* **MATERIAL PROVIDED**
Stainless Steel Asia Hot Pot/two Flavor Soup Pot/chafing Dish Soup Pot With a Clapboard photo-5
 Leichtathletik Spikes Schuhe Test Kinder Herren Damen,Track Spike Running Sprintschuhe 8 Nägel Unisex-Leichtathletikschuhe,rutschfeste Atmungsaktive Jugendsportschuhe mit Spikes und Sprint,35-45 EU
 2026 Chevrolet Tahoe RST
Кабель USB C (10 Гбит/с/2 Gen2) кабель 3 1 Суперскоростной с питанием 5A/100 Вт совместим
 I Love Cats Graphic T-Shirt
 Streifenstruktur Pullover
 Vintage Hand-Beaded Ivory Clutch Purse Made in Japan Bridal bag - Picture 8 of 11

* **WHAT IS NEEDED**
Look above for the line with "Leichtathletik Spikes Schuhe" and the line with "2026 Chevrolet Tahoe RST". Write out those two lines and all the lines between them, exactly, and no others.

* **FINISHED EXERCISE**
 Leichtathletik Spikes Schuhe Test Kinder Herren Damen,Track Spike Running Sprintschuhe 8 Nägel Unisex-Leichtathletikschuhe,rutschfeste Atmungsaktive Jugendsportschuhe mit Spikes und Sprint,35-45 EU
 2026 Chevrolet Tahoe RST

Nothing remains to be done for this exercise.